私は物事を覚えて暗記するのが苦手であるのと好きではなかったので文系の科目は苦手でした。誰でも得手不得手があります。しかし繰り返し行うことによって誰でも能力を伸ばすことができます。教会に通っている子が神の言を暗記する暗唱聖句を通して能力を伸ばすことは祝福の一つであると思います。人によって暗唱聖句の長さは違っても良いと思いますがチャレンジしたいものです。

更にその言葉をしるしとして手に結び、記章として額に付けなさいといいます。ユダヤ教徒は朝の祈りの時に、ここの文字通りに革紐の付いたテフィリン(聖句箱)を左手と額に結んで祈ります。テフィリンの中には申命記6:4~9を含めた4か所の聖句が入っています。

イスラエルに行ったことのある方は、嘆きの壁の奥でユダヤ教徒の人たちがテフィリンをつけて祈っている姿を見られたかも知れません。また家の入り口の柱と町の門に書き記します。こちらはメズーザー(門柱)と言って自分の家の入り口の右側の柱に聖句の入った円筒形の容器をつけます。

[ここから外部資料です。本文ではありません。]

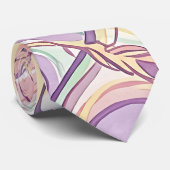 Abstract Tarweveld Pastel Inkten Das (Opgerold)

ただこれらは聖書の書かれた時代に実際に行われていたという記述はありません。むしろ後の時代になって行われ始めたようです。確かにその当時に文字が使われていたか分かりませんし、また文字があったとしても読み書きをできる人は少数だったと思われますので、現在のように文字通りには行われていなかったと思います。

そうであるなら、しるしとして手に結び、記章として額に付け、家の入り口と町の門に書き記すとはどのような意味なのでしょうか。聖書で手は力を表します。日本語でも、助け手、働き手等と手を使って力を表します。私たちが何かをする時には手を使うことが多いものです。その時に神の言葉の掟を守る者のしるしとして、手に紐等が結ばれているのを見て神の掟を思い出したのかも知れません。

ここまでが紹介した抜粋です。